Under their co-ownership arrangement, a nominee for MGP and MGI today entered into a conditional agreement to acquire the property, known as the "Fletcher Site", from a subsidiary of Trans Tasman Properties Limited for a purchase price of $72 million.

The property has a site area of 8.1 hectares with 48,500 sqm of existing improvements, consisting of five office buildings and 18 warehouse/industrial buildings. With a low site utilisation ratio, the property also offers significant future development prospects.

The property is located in Auckland's primary industrial region, benefiting from its central proximity to major motorway access and port and airport facilities. It is also in the vicinity of a number of existing properties held jointly by MGP and MGI such as The Millennium Centre, Central Park Corporate Centre, Penrose Industrial Estate and The Gate Industry Park.

Fletcher Building Limited has a head lease over the existing lettable area with five years remaining. Its annual net rental is $6.5 million with market reviews every three years, delivering a yield of 9.0%.

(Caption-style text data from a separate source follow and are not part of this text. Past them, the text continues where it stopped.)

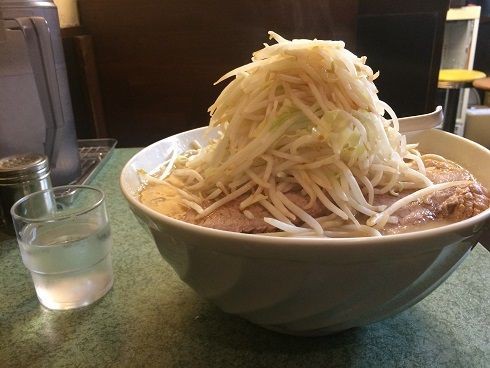 ラーメン二郎小滝橋通り店の大二郎 麺増し増し ２ 野菜増し増し 東京刺激クラブ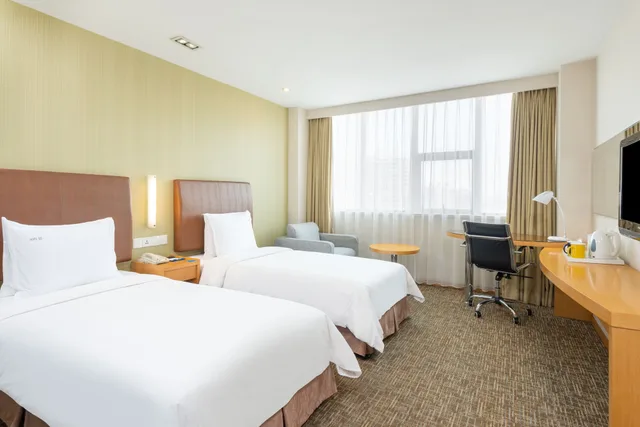 غرفة قياسية بسريرين منفصلين، HOLIDAY INN EXPRESS SHANGHAI JINQIAO CENTRAL 2/9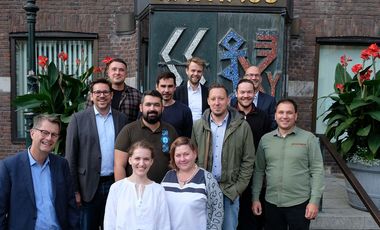 Stefan Ferber, Leiter des Amtes für Umwelt- und Verbraucherschutz, empfing die Delegation aus Czernowitz sowie Vertreterinnen und Vertreter des deutsch-ukrainischen Städtetandems Hoyerswerda und Novovolynsk zu einem Workshop im Düsseldorfer Rathaus. ©Landeshauptstadt Düsseldorf/Wilfried Meyer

MGP and MGI's agreement to purchase the property is subject to satisfaction of the following outstanding conditions:

1. approval from the Overseas Investment Commission;
2. waiver of the first right of refusal in favour of Auckland University of Technology; and
3. waiver of the first right of refusal in favour of Fletcher Building Limited.

A valuation report has been prepared for the Fletcher Site and the independent directors have certified that they have reviewed the valuation report and resolved and certified that in their opinion the transaction is on arm's length, commercial terms and falls within MGP's investment policies.

MGP's 50% share of the acquisition will be funded via an institutional placement of units in MGP and the draw down of additional debt. Under the placement, MGP proposes to issue 21.75 million new units at $0.96 per unit, raising $20.9 million. The new units will rank pari passu with existing units on issue from allotment and will be entitled to the distribution for the quarter ended 31 March 2004.

The benefits to MGP's Unitholders of acquiring the property and making an institutional placement include:

· enhanced industrial property sector focus;
· greater portfolio diversification;
· reduced gearing to 35.0%;
· increased weighted average lease term to expiry to 3.9 years;
· improved occupancy rate to 99%; and
· increased index weighting of MGP, creating greater liquidity for Unitholders.

MGP remains on target to deliver a projected gross distribution of 9.3 cents per unit for the year ending 30 June 2005.

John Dakin, Chief Executive Officer of MGNZ said, "The transaction will increase MGP's position as New Zealand's leading listed industrial specialist and reduce its gearing to 35.0% on completion of the transactions."